I can’t figure out how it works. I try to change bs,time step, input size with batch_first = True or no batch_first. It return the dimension that I feed to model. so I have to change it manually ??
If your input data is of shape (seq_len, batch_size, features)
then you don’t need batch_first=True
and your LSTM will give output of shape (seq_len, batch_size, hidden_size)
.
If your input data is of shape (batch_size, seq_len, features)
then you need batch_first=True
and your LSTM will give output of shape (batch_size, seq_len, hidden_size)
.
Is that not what you expect?
but when my input’s shape is (batch_size, seq_len, features)
without batch_first=True
the output still as same as the input that why i had a little doubt
If you feed it input of shape (10, 20, in_features)
then the output will always be of shape (10, 20, hidden_size)
Without batch_first=True
it will use the first dimension as the sequence dimension.
With batch_first=True
it will use the second dimension as the sequence dimension.
It does not work the result should become 3x2
I really appreciate that your reply to all my topic thanks alot
When you do
print(out[-1])
you are taking the last element of the batch dimension.
You probably wanted to do
print(out[:, -1])
Note that both version are only meaningful when bidirectional=False
.
Hi @vdw Chris, would you mind to explain a bit more why this doesn’t matter if bidirectional is True. I recently found out that my model was trained with batch first sequence but the bilstm is set to batch_first = False. And surprisingly, the model still converge. I wish I could to correct it without retrain the model.
The line in the forward()
method is
out, _ = self.lstm(x)
So
out[-1] # If batch_first=True OR
out[:, -1] # If batch_dirst=False
will give you the hidden state after the LAST hidden state with respect to the forward pass but the FIRST hidden state with respect to the backward pass; see this old post of mine. What you want is also the last hidden state with respect to the backward pass. This one cna be found in out[0]
or out[:, 0]
respectively.
Your network will still learn but essentially making only meaningful use of the forward pass.
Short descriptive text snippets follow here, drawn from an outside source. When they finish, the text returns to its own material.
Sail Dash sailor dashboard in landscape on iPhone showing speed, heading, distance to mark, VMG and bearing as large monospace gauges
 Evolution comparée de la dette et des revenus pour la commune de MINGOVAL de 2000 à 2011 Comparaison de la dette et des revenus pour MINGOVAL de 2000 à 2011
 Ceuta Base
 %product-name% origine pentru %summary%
The cleanest way is the following
out, (h, c) = self.lstm(x)
# Split num_layers and num_directions (1 or 2)
h = h.view(self.num_layers, self.num_directions, batch_size, self.rnn_hidden_dim)
# Last hidden state w.r.t. to then number of layers, NOT the time steps
h = h[-1]
# Get last hidden states of backward and forward passes
h_forward, h_backward = h[0], h[1]
Then you can add or concatenate h_foward
and h_backward
for further layers.